Adaptive responses of vertebrate neurons to hypoxia

Philip E. Bickler1,* and Paul H. Donohoe2

1 Department of Anesthesia and Perioperative Care, University of California, San Francisco, CA 94143-0542 USA
2 Department of Physiology, University of Otago, Dunedin, New Zealand

* Author for correspondence (e-mail: BicklerP{at}anesthesia.ucsf.edu)

Accepted 23 August 2002

The damage caused to mammalian neurons during ischaemic events in the brain (e.g. following a stroke), is an area of major interest to neuroscientists. The neurons of hypoxia-tolerant vertebrates offer unique models for identifying new strategies to enhance the survival of hypoxia-vulnerable neurons.
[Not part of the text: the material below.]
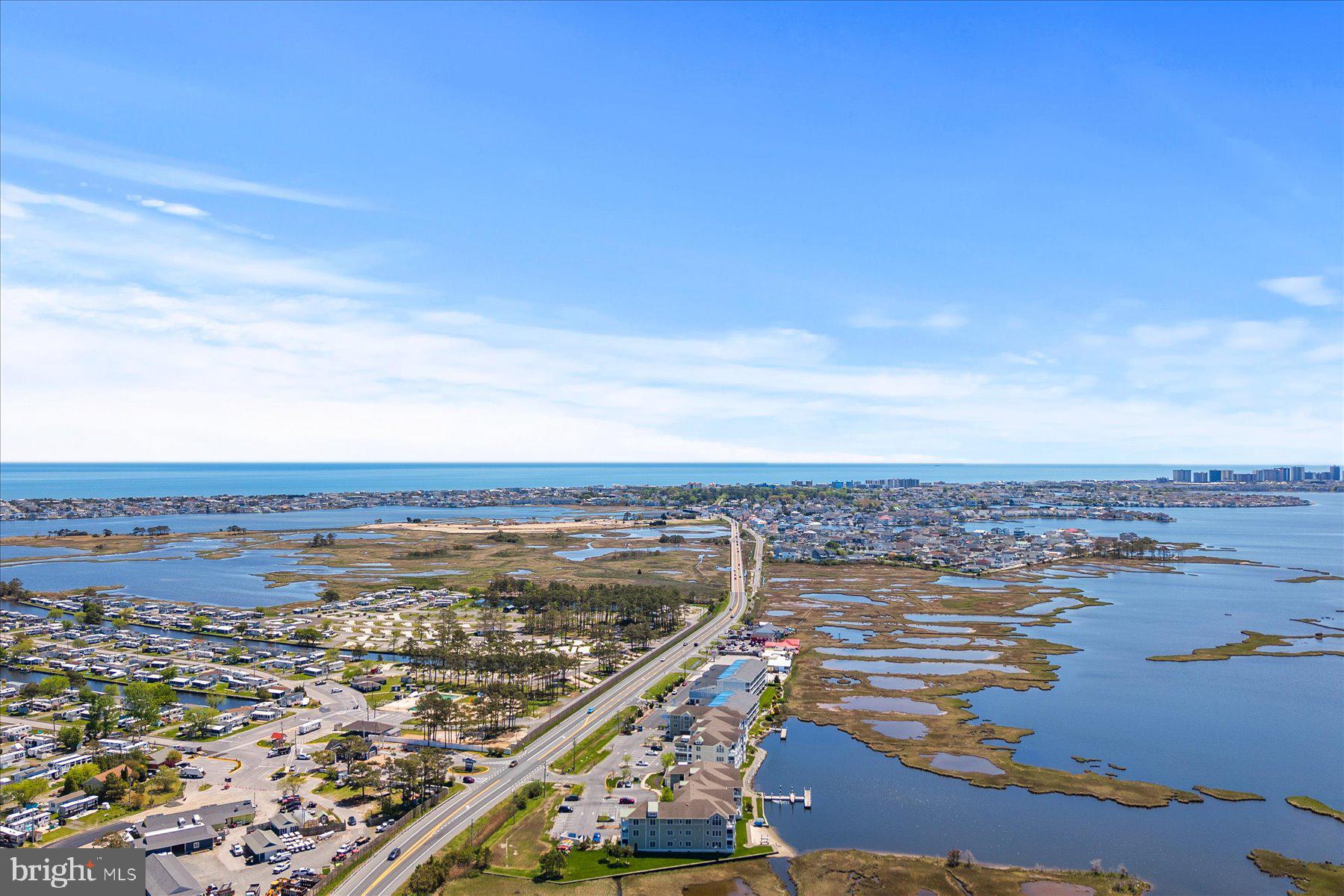 LAGUNA BAY - Residential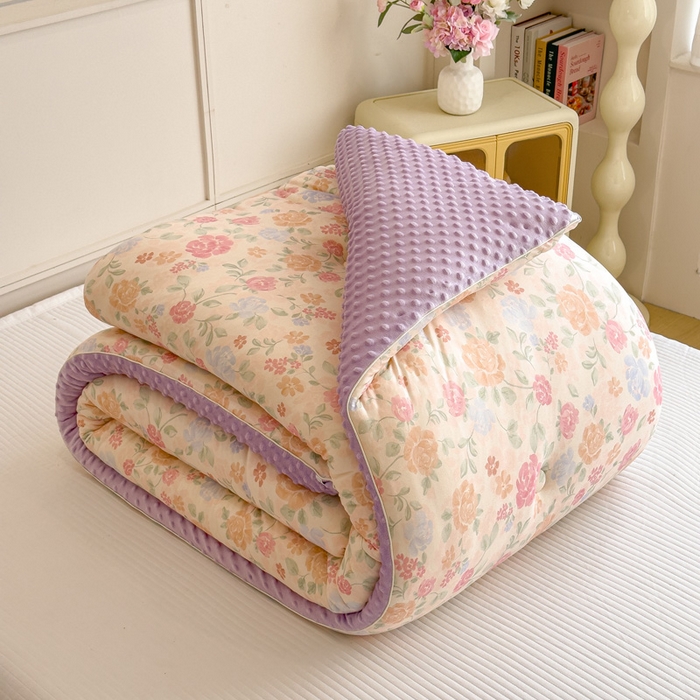 91家纺网 家纺一手货源 找家纺 米菲 2025新款针织豆豆冬被被子被芯 花裳容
In this review, we describe recent advances in our understanding of how hypoxia-tolerant neurons detect decreases in oxygen and create signals that have immediate and long-term effects on cell function and survival. Sensing and adapting to low oxygen tension involves numerous modalities with different times of activation and effect. Sensors include membrane proteins such as ionotropic ion channels, membrane or cytosolic heme proteins, mitochondrial proteins and/or oxygen sensitive transcription factors such as HIF-1{alpha} and NF{kappa}B. Signaling molecules involved in O2 sensing include mitogen-activated protein kinases, ions such as Ca2+ and metabolites such as adenosine. These signals act rapidly to reduce the conductance of ion channels (ion flux arrest) and production of energy (metabolic arrest), and slowly to activate specific genes. The ability to construct an energy budget, illustrating which physiological processes are depressed during both long-term and acute metabolic suppression in hypoxia-tolerant neurons, would be of significant value in devising new strategies for neuroprotection. Additionally it is not known how metabolism is regulated at `pilot-light' levels at which energy-producing and energy-consuming processes are balanced. The regulation of organelle and cell fate during long-term hypoxia is almost completely unexplored, and whether programmed cell death and regeneration of lost neurons occur following protracted dormancy is also of considerable interest.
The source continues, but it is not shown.